I’m a man, but don’t let that throw you. I work full-time, write in my spare time, and I’ve raised three strapping young things to the verge of adulthood. I’ve been chief cook and bottle-washer, chauffeur, lawn-mower and friend-keeper. That’s because the mother of my children, my partner of 20-plus years, is a workaholic — in the nicest possible way, of course, saving her part of the world.
She has just stopped working at the edge of 60 and has taken a well-earned road trip. Now, it seems, she can’t stop doing that. It’s been over a month now, with her swag and a billy, just like in the song. She calls occasionally to let us know how wonderful life is post-work, and to say she misses the dog. Great.
And so I miss her, too. But I’m not sentimental. She hasn’t really left a gap, as her work days were always long. But she did provide a piece of the rhythm of life. We no longer even have her 8:30 p.m. texts to say she’ll be home in 15 minutes — nor her eventual arrival two hours later — to contribute to holding a life together. And one of the children now lives with her partner and another is leaving for overseas. The last, my 6-foot-5-inch Adonis of a son, is finished school and now working, sporting and generally leading an unpredictable life. In short, we’re all doing exactly what we’ve been growing toward for many years.

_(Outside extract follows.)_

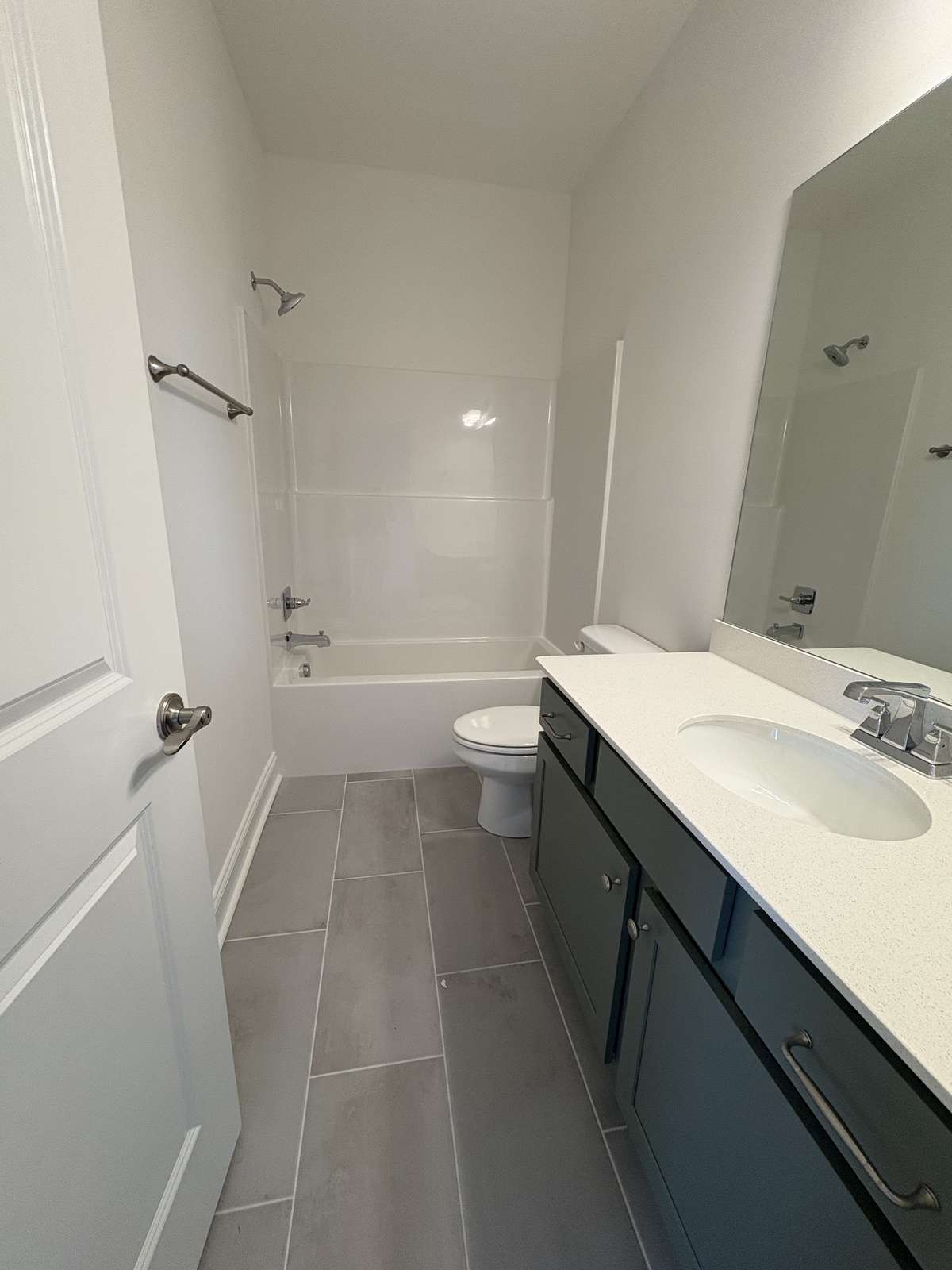 hall bath with tub/shower combo.  Large vanity top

They have brave new lives to forge, and I have my freedom. To prove this to myself, I now do things like put the dogs in the car after work and drive to exotic places an hour away for their walk. Because I can. I’ll pop over to friends for an evening meal, mid-week. Because I can. Really I’m just testing the boundaries that have been so firmly in place for so long out of the necessity of raising the young ones.
And now and again, I’ll go inward and contemplate the new reality that I am no longer needed. Sure, I still make a contribution at work. I have good friends. I’m not bored. But really, if I fell off my perch tomorrow, it wouldn’t matter much. Not really. And it’s no one else’s fault, and no one else can change that. And so we have the crisis of meaning that goes with the empty nest syndrome.

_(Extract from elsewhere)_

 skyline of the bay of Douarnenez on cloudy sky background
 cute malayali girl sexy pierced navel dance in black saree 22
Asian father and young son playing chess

Like everyone at this stage, I have a choice. Do I take the path of least resistance and slide into oblivion and an inconsequential old age? I can look forward to grandchildren and nice South Australian red wines. Or do I reinvigorate myself? This might mean reinventing myself if I discover that the contribution I am making lacks adequate meaning. Or perhaps I’m on the right track, but still needing to dig deeper to motivate myself toward fulfilment.
I’m an optimist. I’ll be fine. I can sense an inner calling to seize the next stage of development. That’s because I have a wise old philosopher deep inside who loves the existential challenge of significant change. But still, at times like this we’re called upon to be bold, and that takes balls (metaphorically, as women are at least equally prone to this crunch point). If I succumb to the temptation of working for the sake of securing a decent retirement, I reckon this will contribute to a lack of meaning. The empty nest could easily become the empty self. Perhaps I’ll choose to practice elegant simplicity. Let the inner life hold sway over the outer. Get real about my needs. See if I have a bucket list. I certainly have a fucket list — the stuff I’m no longer going to do simply because I’m supposed to.
And as for bold… I was once in a coaching course and someone posed a question which she attributed to Buckminster-Fuller. She asked, “What is it that won’t get done if I don’t do it?”
Now there’s a worthy challenge that just might fit the bill of the empty nester. I’m loving it already. Go strong!